Enron got away with more than $2 billion in tax cheating, and virtually no one knew it. In large part that's because they don't have to report to the public or to their shareholders via SEC filings even a little bit of what they tell the IRS.
As a result, when the truth was finally revealed, it looks like a tale of two books. Somehow, despite claiming $2.3 billion in profit between 1996 and 1999, Enron also managed to report a $3 billion tax loss to the IRS.

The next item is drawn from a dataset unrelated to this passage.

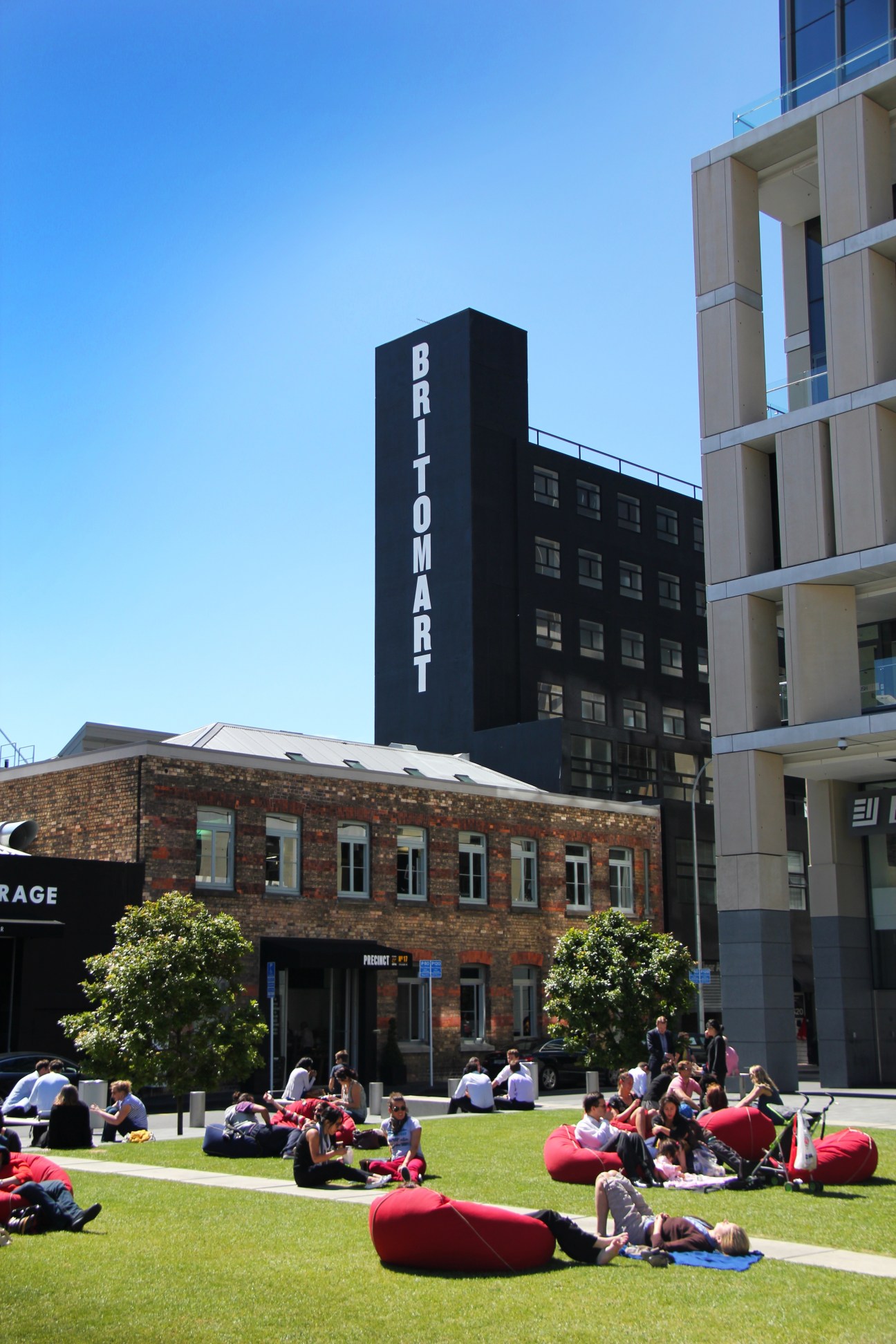 Britomart precinct in Auckland with pedestrians relaxing on red bean bags in a shared public space.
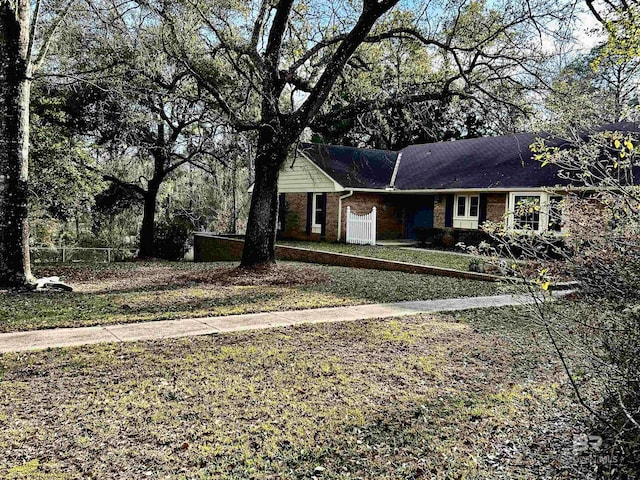 ranch-style home with brick siding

Another reform, supported by all of the experts who testified at the committee's hearings this week, is further disclosure. The ever widening gap between the numbers reported to shareholders and to the taxman should be closed. (The difference between the two has grown from $92.5 billion in 1996 to $159 billion in 1998, according to a study by MIT professor George Plesko.) By handing much of the same information over to the SEC that they already prepare for the IRS (i.e. at virtually no cost) corporations would give investors and the public a clearer picture of what's going on and who is and isn't masking the true financial health of their operations by manipulating the tax code.
So Enron sought out the advice of a coterie of accountants, banks, and lawyers, who were only too happy to sell them expert advice on how to trick Uncle Sam (i.e. the rest of us). Enron paid $40.2 million to Bankers Trust (now part of Deutsche Bank), $16.3 million to Deloitte & Touche, and $12.7 million to Chase Manhattan for tax-shelter schemes. Influential Washington law firm Akin, Gump, Strauss, Hauer & Feld got $1 million for providing a letter approving a tax shelter.
The obvious implication here is that Enron couldn't have done this alone. As Sen. Chuck Grassley (R-Iowa), chairman of the Senate Finance committee put it, the report "reads like a conspiracy novel, with some of the nation's finest banks, accounting firms, and attorneys working together to prop up the biggest corporate farce of this century."
Now it doesn't take a business genius to figure out that if you can sell a service once you're going to try to sell it again. And it also doesn't take a genius to figure out that if corporations are supposed to be paying 35% of their income in earnings and instead they are paying 20% of their income in earnings, there's probably a good bit of tax sheltering going on.
How much did Enron actually pay in taxes?(link):
The Houston-based company paid no federal income tax at all from 1996 through 1999, $63.2 million in 2000 and nothing again in 2001.
We can and will balance our federal budget and still provide necessary services if we aggressively invest in our own army of accountants and lawyers and go after the big tax evaders. But if we keep George W. Bush in office the rich will continue to not pay their fair share.